Sparse _backward_dot is slow

Sparse _backward_dot operator is slow and it seems to depend of the dimensions and not number of non zero entries.

Example script= https://gist.github.com/saswatac/d362ae03f3e23342217faa88698ee1fe

The number of non-zero entries is kept constant and the feature dimension is varied.

with num_features = 1,000,000 the results are -
34%20PM

with num_features = 100,000,000 the results are -

03%20PM

As can be seen from the results, there is no appreciable difference in the time for dot, but time for backward dot and adam update increases.
The benchmarking is done on CPU on a mac notebook.

Is there a scope of improvement for backward_dot operator? I tried to follow the code in https://github.com/apache/incubator-mxnet/blob/master/src/operator/tensor/dot-inl.h, but could not follow well enough why backward dot is dependent upon the dimension size.

A one-line summary of the dot operator implementation is that, the dot operator first computes the prefix sum of all indices of the row_sparse output, then use the prefix sum to generate the data and sorted indices of the output.

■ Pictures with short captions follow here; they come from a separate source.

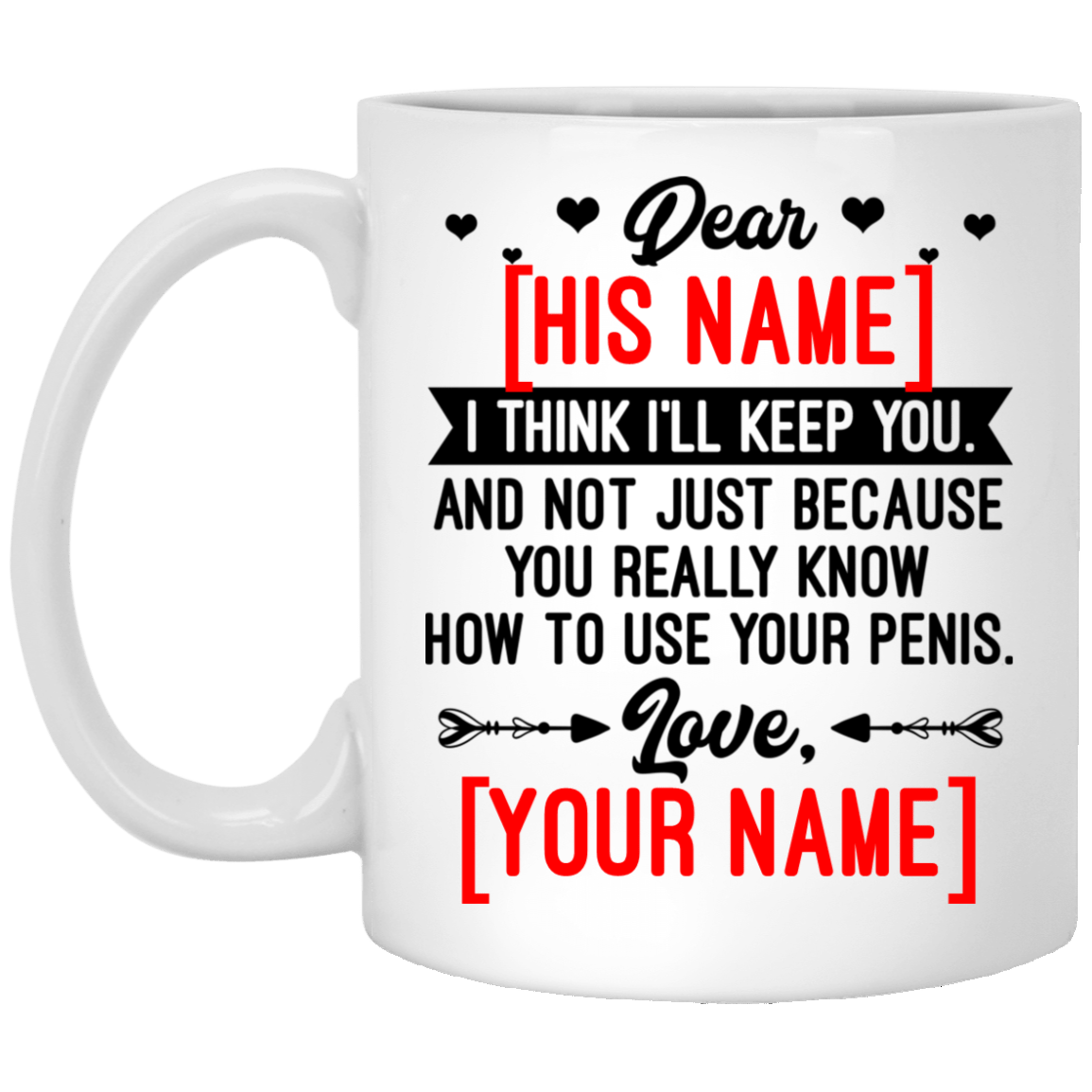 Personalized I Think I'll Keep You And Not Just Because You Really Know How To Use your Penis Ceramic Coffee Mug, White, 11 oz. White Mug Personalized I Think I'll Keep You And Not Just Because You Really Know How To Use your Penis Ceramic Coffee Mug, White, 11 oz. White Mug
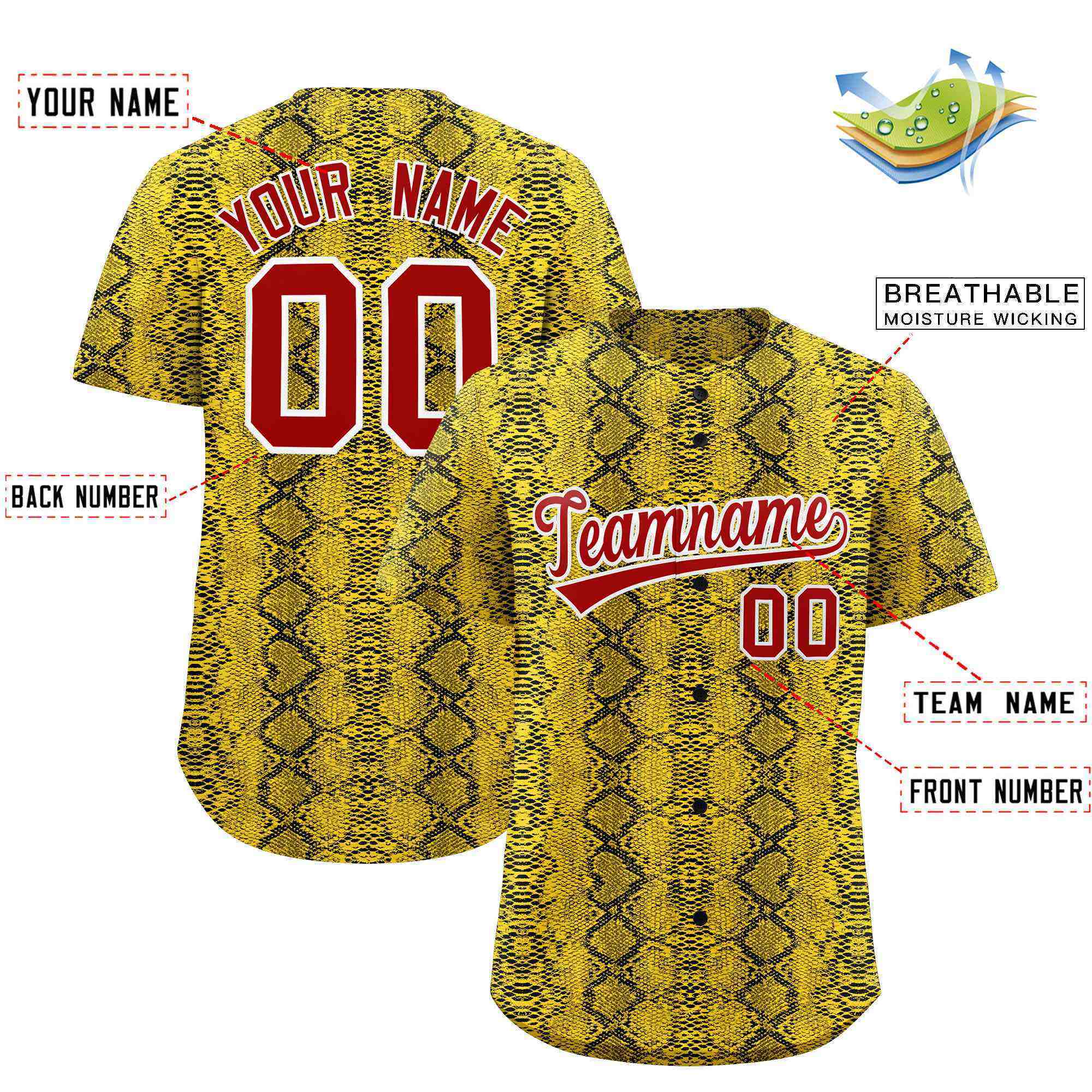 Benutzerdefiniertes authentisches Baseball-Trikot mit mehrfarbigem Schlangenledermuster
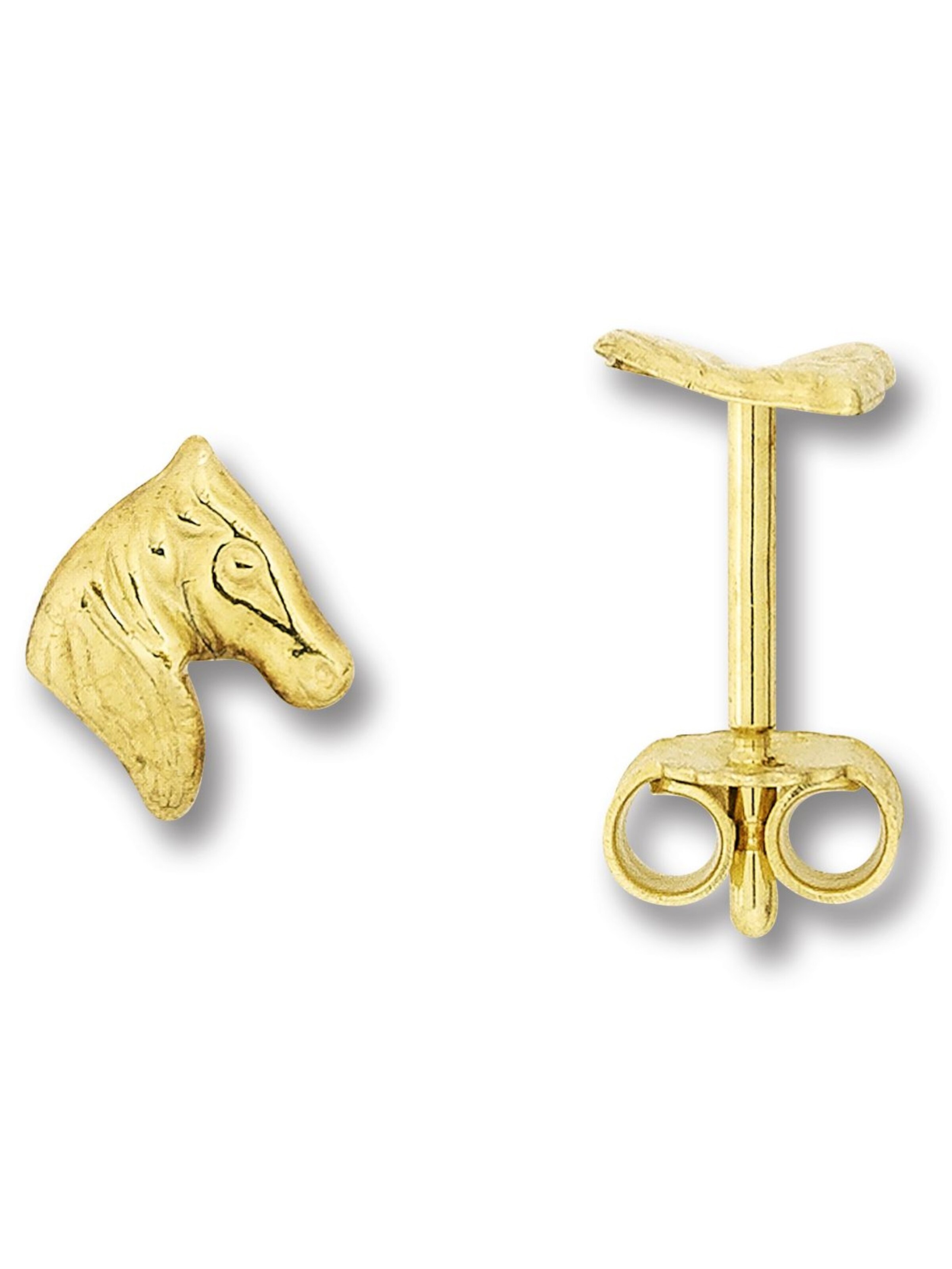 ONE ELEMENT Ohrringe 'Pferd' in Gold: Vorderseite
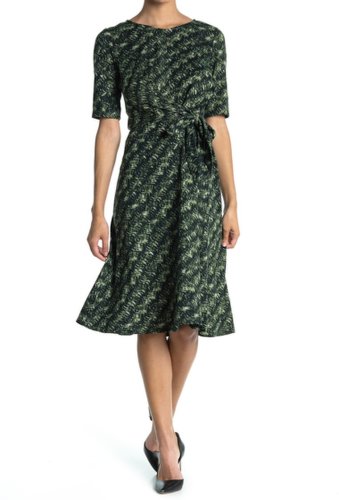 Imbracaminte Femei London Times Short Sleeve Tie Waist Midi Dress Petite GREEN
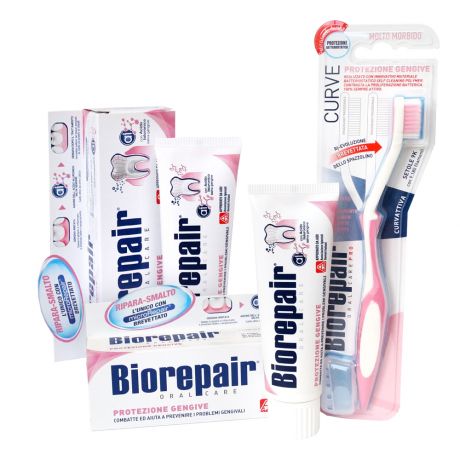 Biorepair Набор Уход за чувствительными дёснами: Зубная паста Gum Protection, 75 мл х 2 шт. + Зубная щетка CURVE Protezione Gengive (Biorepair, Ежедневная забота)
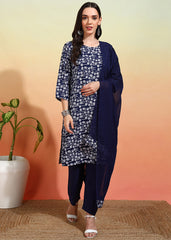 Women's Crepe Printed Straight Kurta Pant With Dupatta-ME105-Nvyblu-CRP-KPD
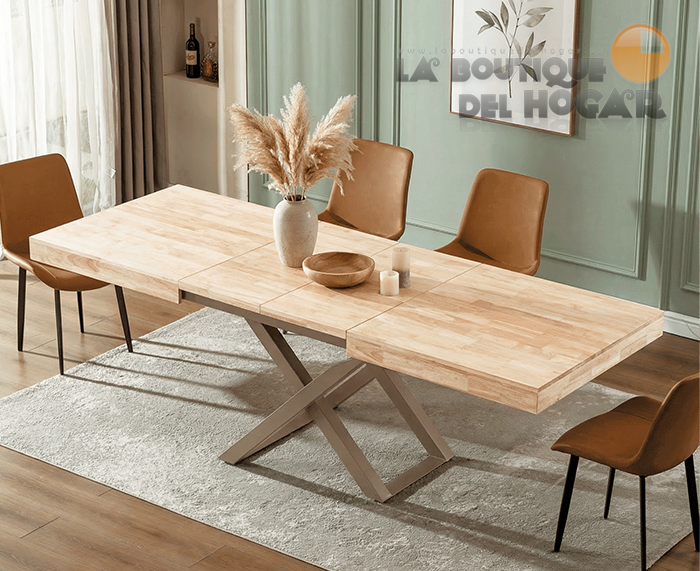 Mesa de comedor extensible negra con patas metálicas y tablero de Roble Nordish Modelo Troya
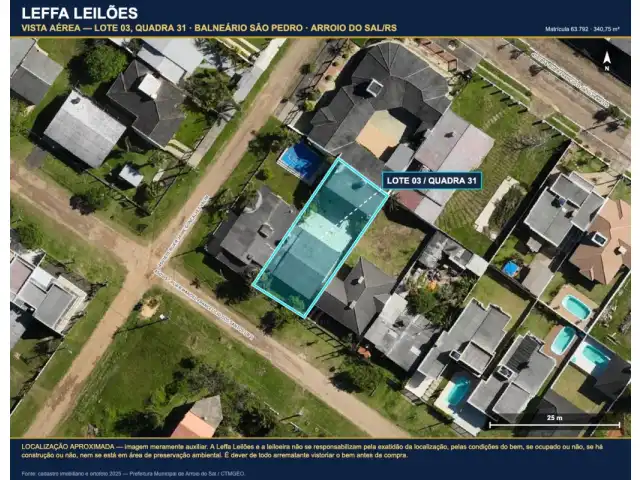 UM TERRENO URBANO, COM BENFEITORIAS, COM A ÁREA DE 340,75M², SITUADO NO LUGAR DENOMINADO BALNEÁRIO SÃO PEDRO, NA CIDADE DE ARROIO DO SAL/RS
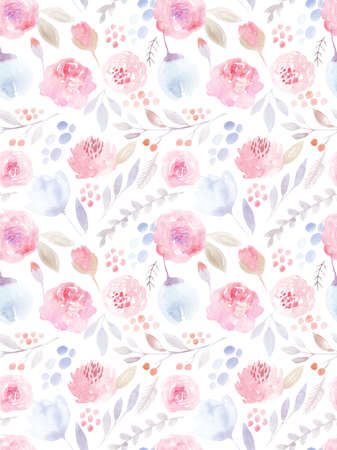 Watercolor flowers. Seamless patternの写真素材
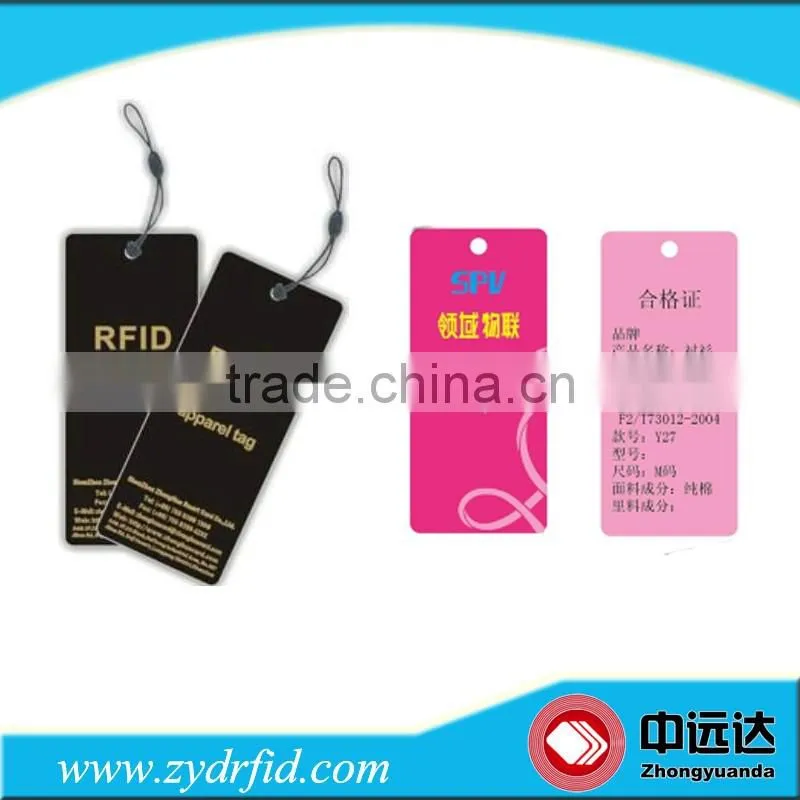 Custom RFID kraft paper hang tags/RFID clothing hang tag/rfid hang tags for clothing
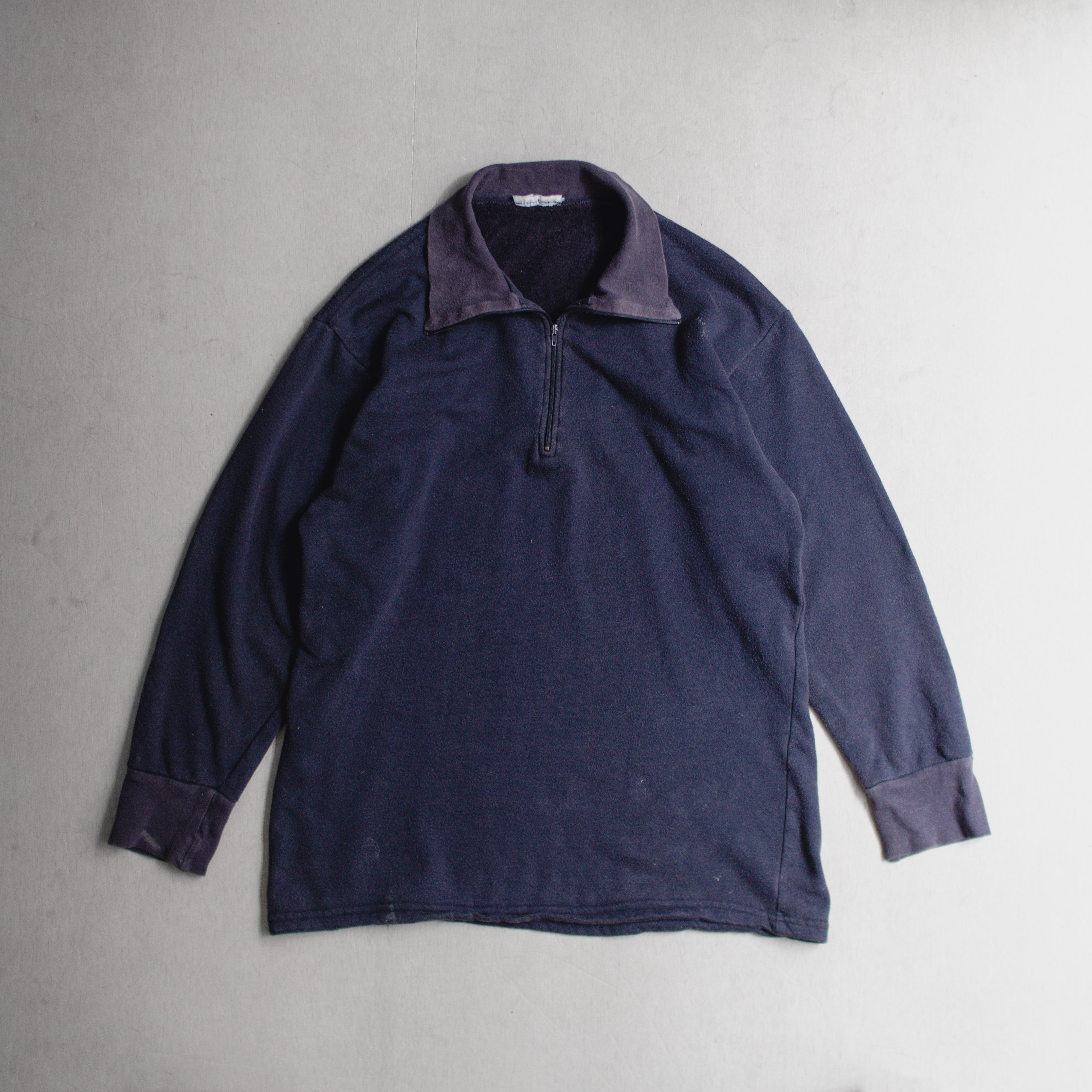 DUTCH ARMY 1/4 ZIP PULLOVER 荷蘭 軍裝 深藍 拉鍊 高領 套頭 刷毛 上衣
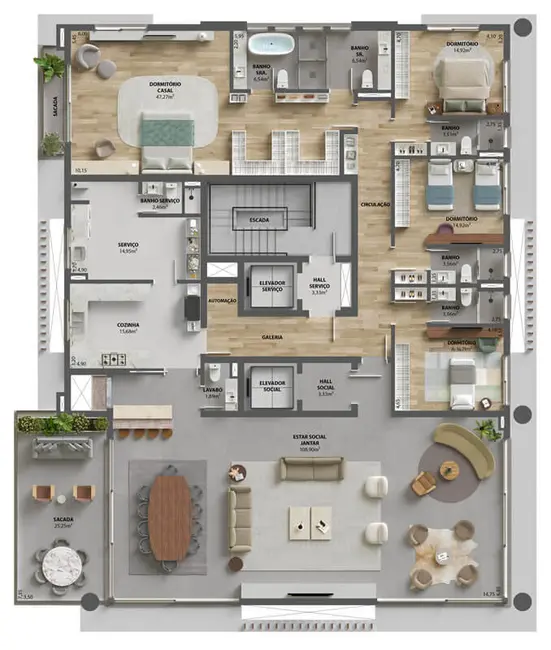 Foto 2 de Apartamento com 4 quartos à venda, 382m2 em Bela Vista, Porto Alegre - RS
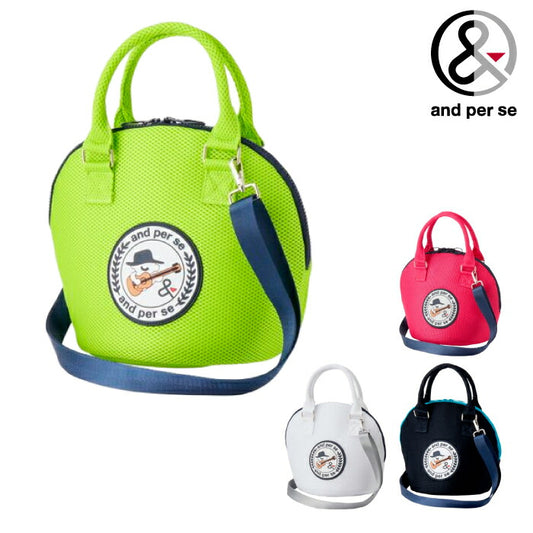 and per se アンパスィ ゴルフ メンズ レディース ショルダーテープ付き保冷バッグ ペットボトル4本収納可能 外ポケット有 aus7046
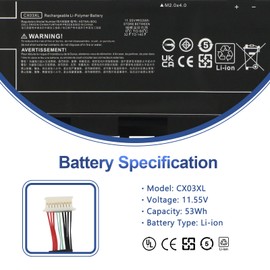 ANTIEE CX03XL Laptop Battery for HP EliteBook x360 830 G7 EliteBook x360 830 G8 Series HSTNN-IB9G HSTNN-LB8R L77624-422 L78551-005 L77624-1C1 L77624-421 CX03053XL 11.55V 53Wh 4400mAh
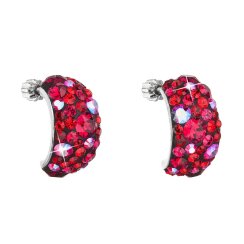 Strieborné náušnice visiace s kryštálmi Swarovski červené polkruh 31164.3 Cherry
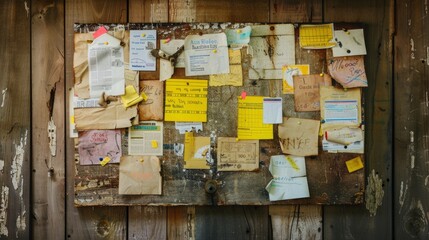 A weathered bulletin board filled with assorted notes, flyers, and announcements, capturing a sense of community and shared information.
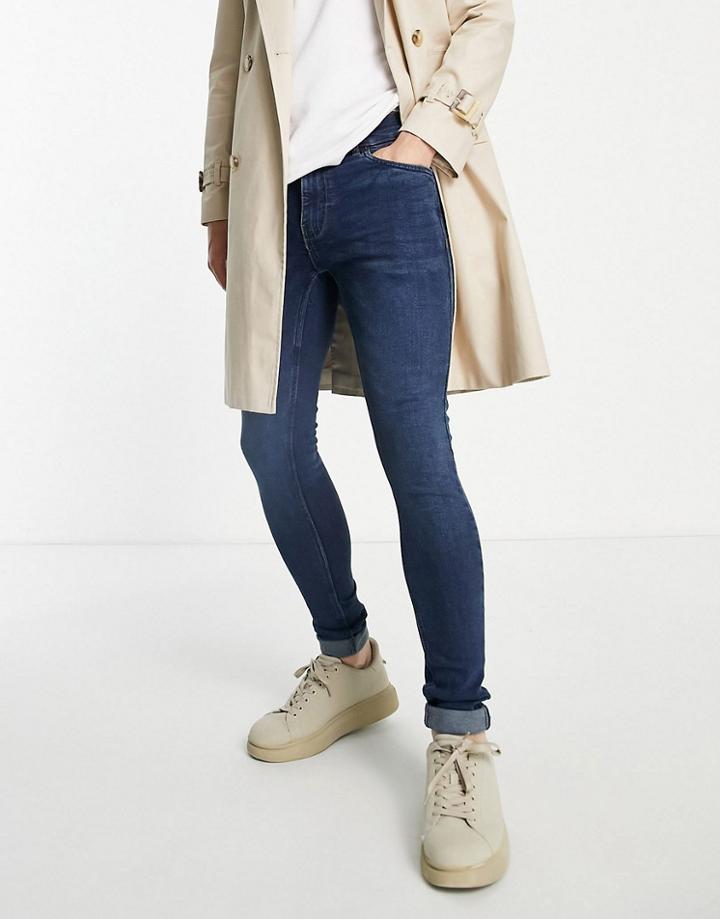 French Connection Super Skinny Stretch Jeans In Dark Blue-blues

Note that for CPU the approach is almost the same, except that GPU leverages some available kernels in NVidia’s cub(http://nvlabs.github.io/cub/ ).

Profiling result shows that the computation for prefix sum is taking about 50% of the time. Let’s note the feature_dim of csr as N, number of non-zero elements in csr as K. The time complexity for prefix sum and sorted indices generation is O(N) for our current implementation, which is why the speed slows down for the case you mentioned.

In an alternative implementation, instead of computing the prefix sum, we can sort csr.indices and compute the unique indices based on the sorted result. The time complexity is O(KlogK), which means it only depends on number of non-zeros in the input csr, instead of the feature_dim. Unfortunately this implementation in our benchmark was about 5x slower than the current implementation for feature_dim = 2M and batch_size = 1K. The problem is that sorting is much less cache-friendly comparing to prefix sum. The alternative approach would only be faster than the baseline only if K is very small and N is very large. Faster sorting implementations such as bitonic sort might help reduce the cost of sorting.